SUPPLIED DATA START

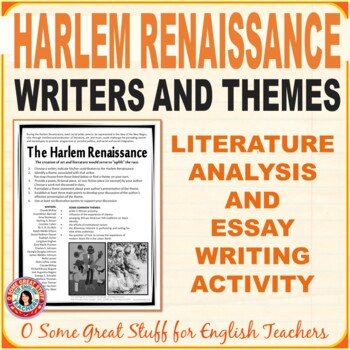 Preview of Harlem Renaissance Writers and Themes Literature Analysis Writing Activity
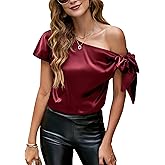 VIDUSSA Women's Off Shoulder Silk Tops Casual Short Sleeve Asymmetrical Neck Satin Blouse Shirts
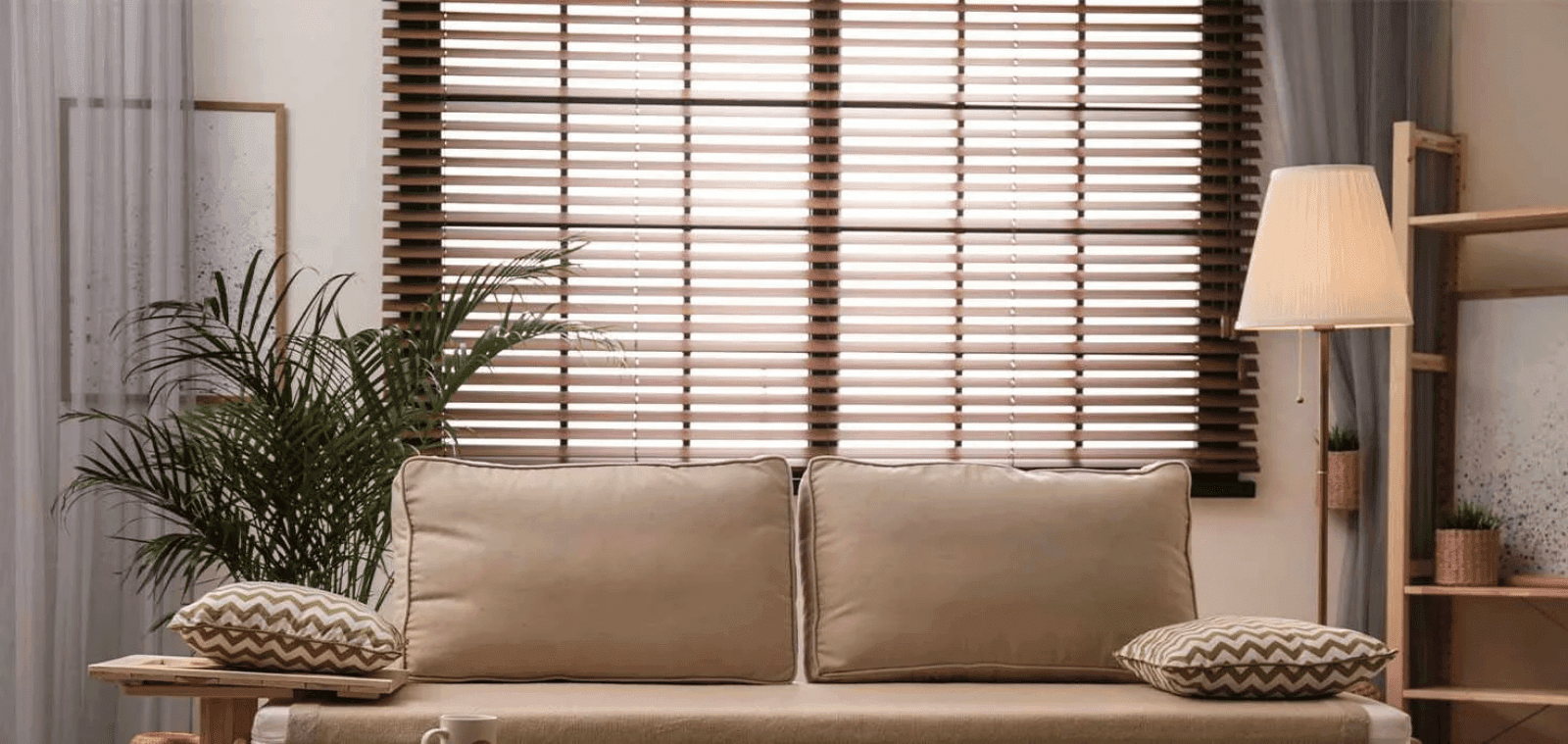 Wooden venetian blinds in a living room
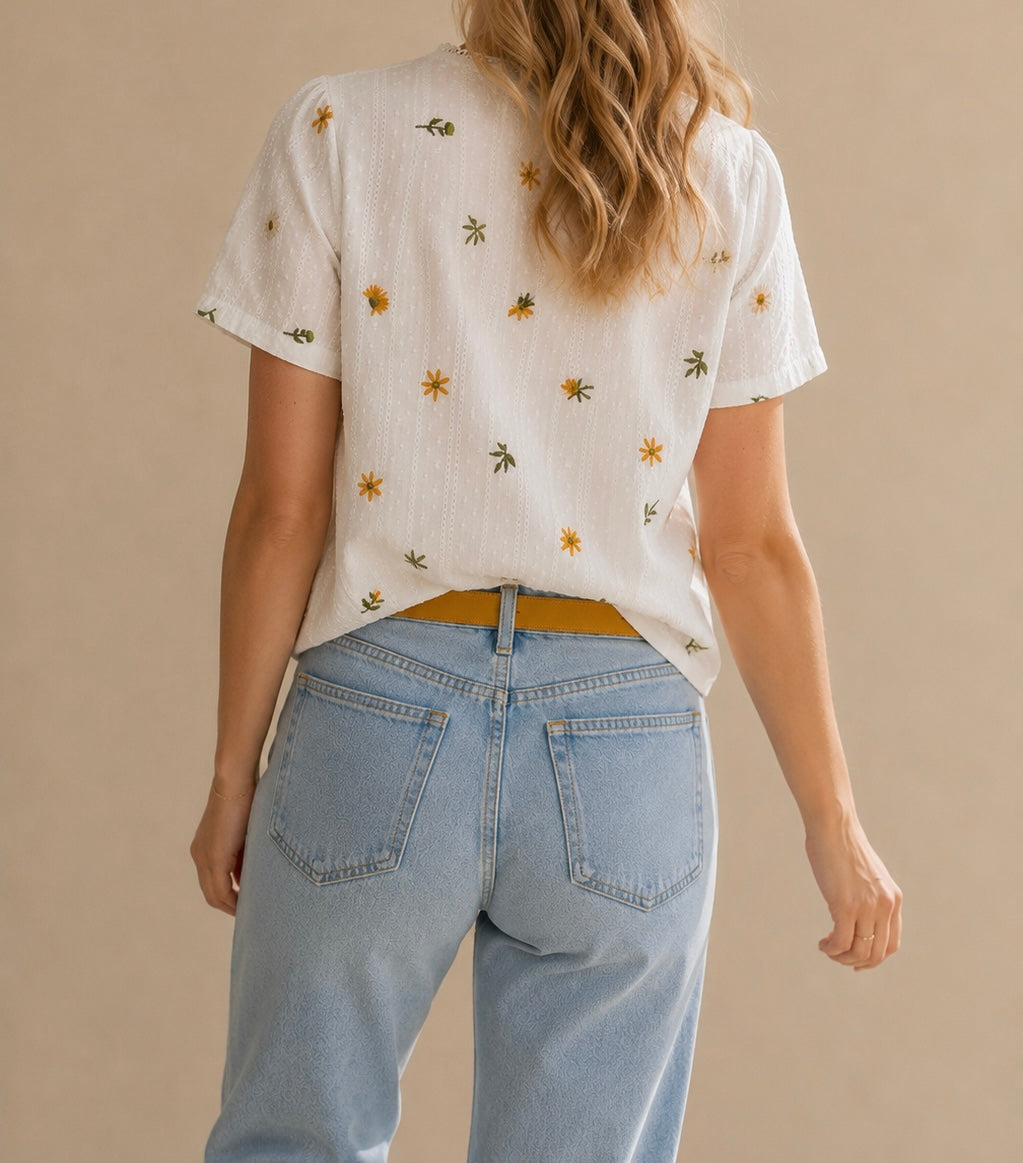 Blouse blanche broderie fleurs - Maëlle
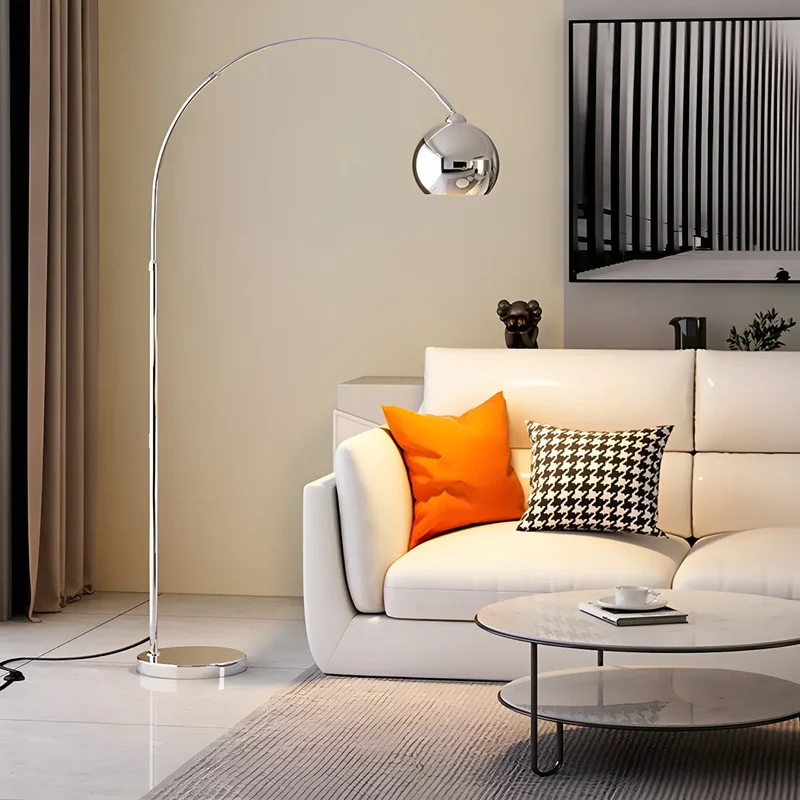 Booglamp Vloerlamp Chroom Zwart Zilver Verstelbaar 180cm E27 Woonkamer Modern | Sansoti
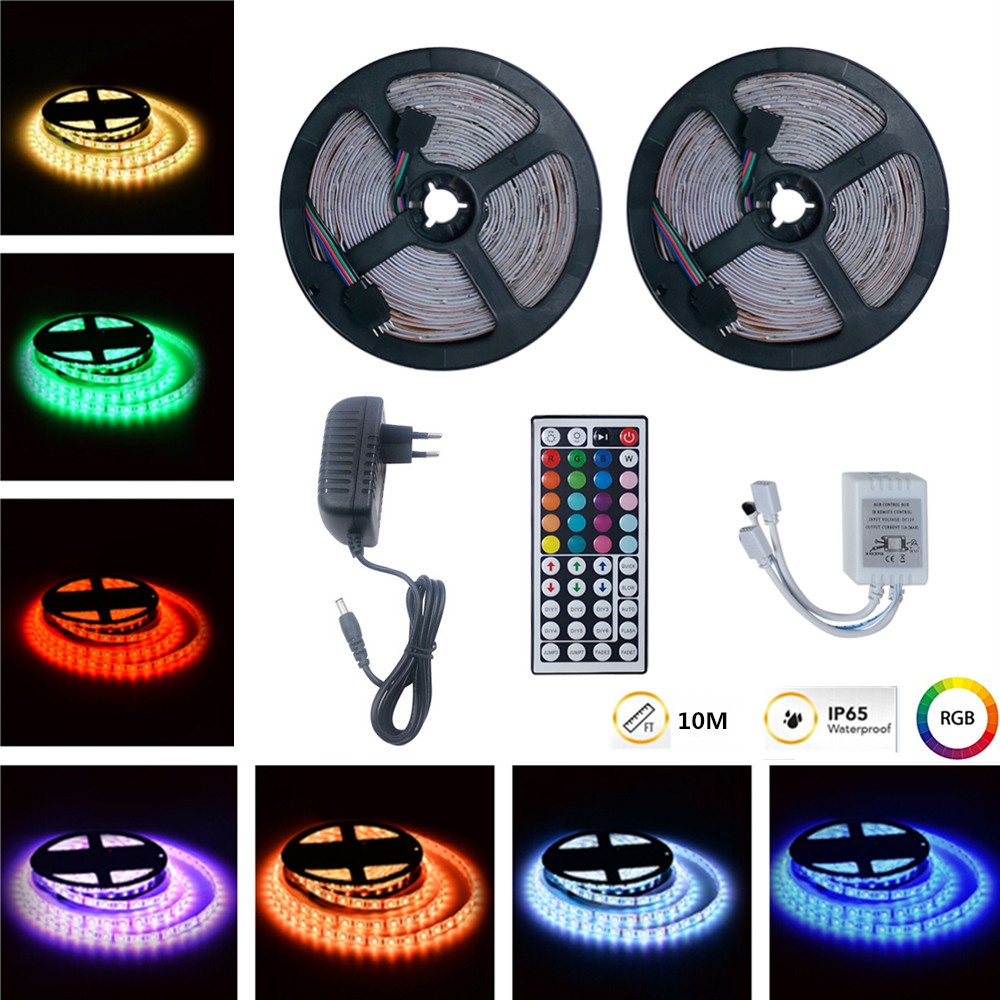 10M RGB LED Waterproof Strip Lights+44Keys Remote Control+Adapter European regulations - Image 3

SUPPLIED DATA END

» **WHAT TO DO**
Print the data above exactly, minus pictures.

» **ANSWER BELOW**
 Preview of Harlem Renaissance Writers and Themes Literature Analysis Writing Activity
 VIDUSSA Women's Off Shoulder Silk Tops Casual Short Sleeve Asymmetrical Neck Satin Blouse Shirts
 Wooden venetian blinds in a living room
 Blouse blanche broderie fleurs - Maëlle
 Booglamp Vloerlamp Chroom Zwart Zilver Verstelbaar 180cm E27 Woonkamer Modern | Sansoti
 10M RGB LED Waterproof Strip Lights+44Keys Remote Control+Adapter European regulations - Image 3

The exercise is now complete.